**TASK PROMPT**: Your copy should hold only the lines from the one with "MRI Wall Emi" to the one with "Beer Please In", both included, each exactly as it stands below, with no pictures.

Start of EXTRACTED ENTRIES

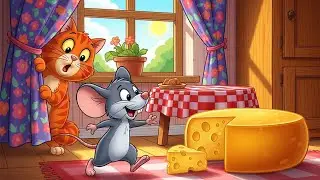 The Cheese Thief's Lesson | Cat & Mouse Story 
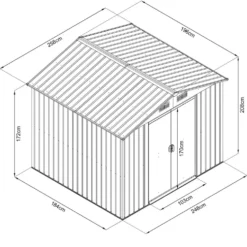 Domek ogrodowy - HECHT 6X8 PLUS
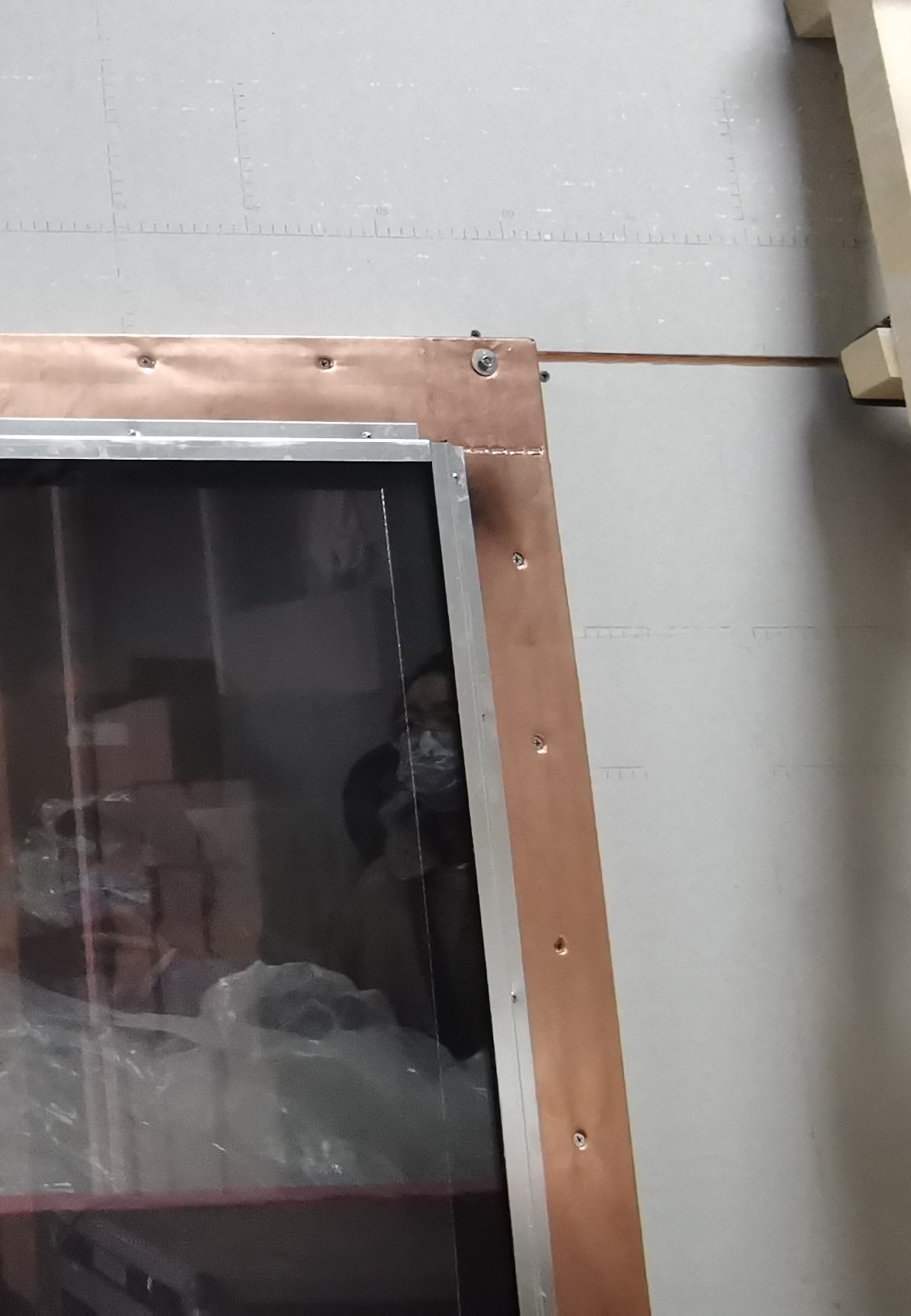 MRI Wall Emi Rf Shielding Shielded Windows Black Copper Mesh 5mm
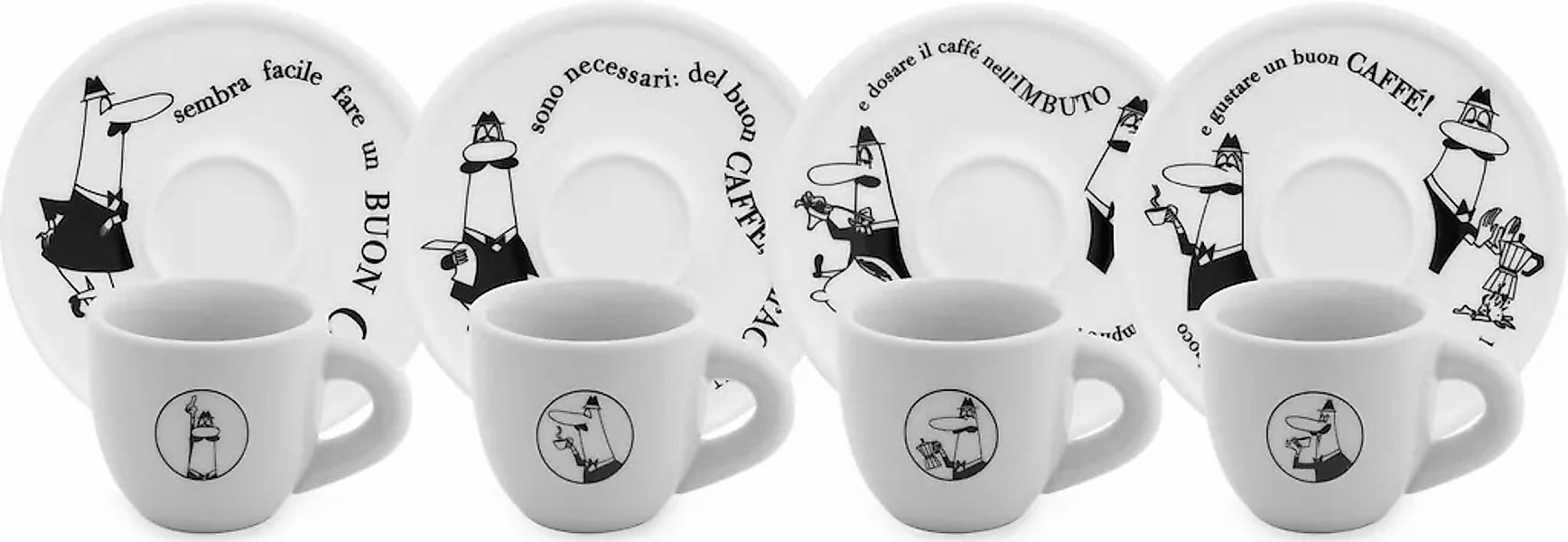 BIALETTI Espressotasse "Carosello" mit dem unverwechselbaren Bialetti-Männc günstig online kaufen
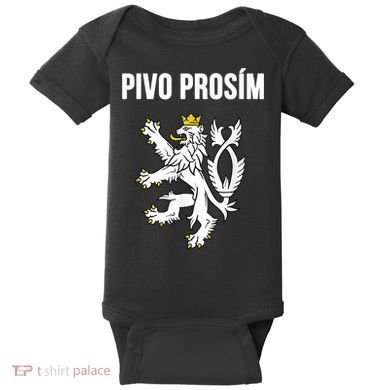 Beer Please In Czech Funny Czech Republic Souvenir Baby Bodysuit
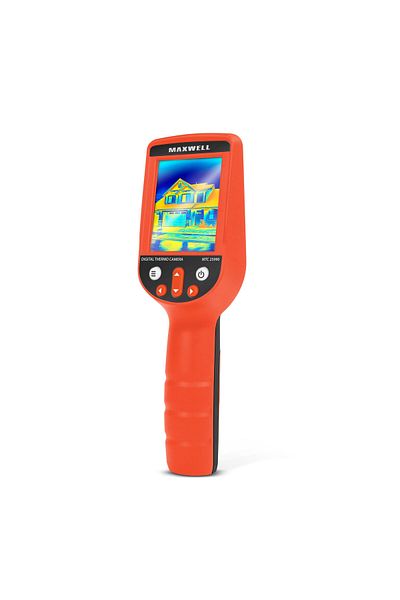 Maxwell Scaner termic digital cu ecran tactil, baterie și slot microSD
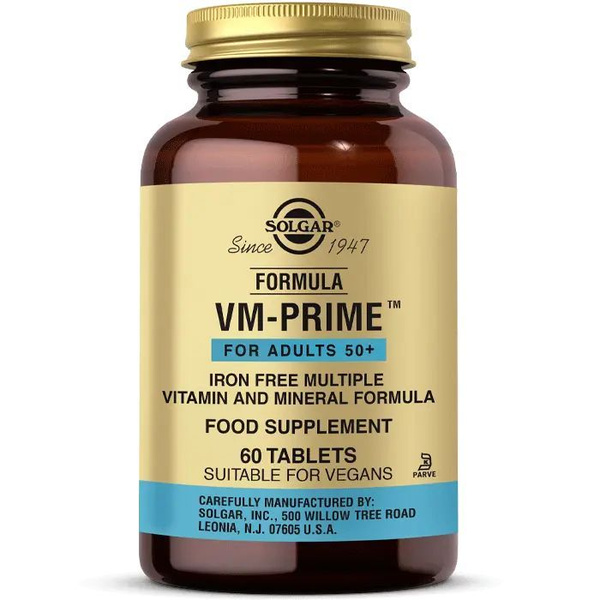 Солгар ВМ Прайм возраст 50+ 60 таблеток / Solgar VM Prime 50 Ya + 60 ...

End of EXTRACTED ENTRIES

**RESPONSE AREA**:
 MRI Wall Emi Rf Shielding Shielded Windows Black Copper Mesh 5mm
 BIALETTI Espressotasse "Carosello" mit dem unverwechselbaren Bialetti-Männc günstig online kaufen
 Beer Please In Czech Funny Czech Republic Souvenir Baby Bodysuit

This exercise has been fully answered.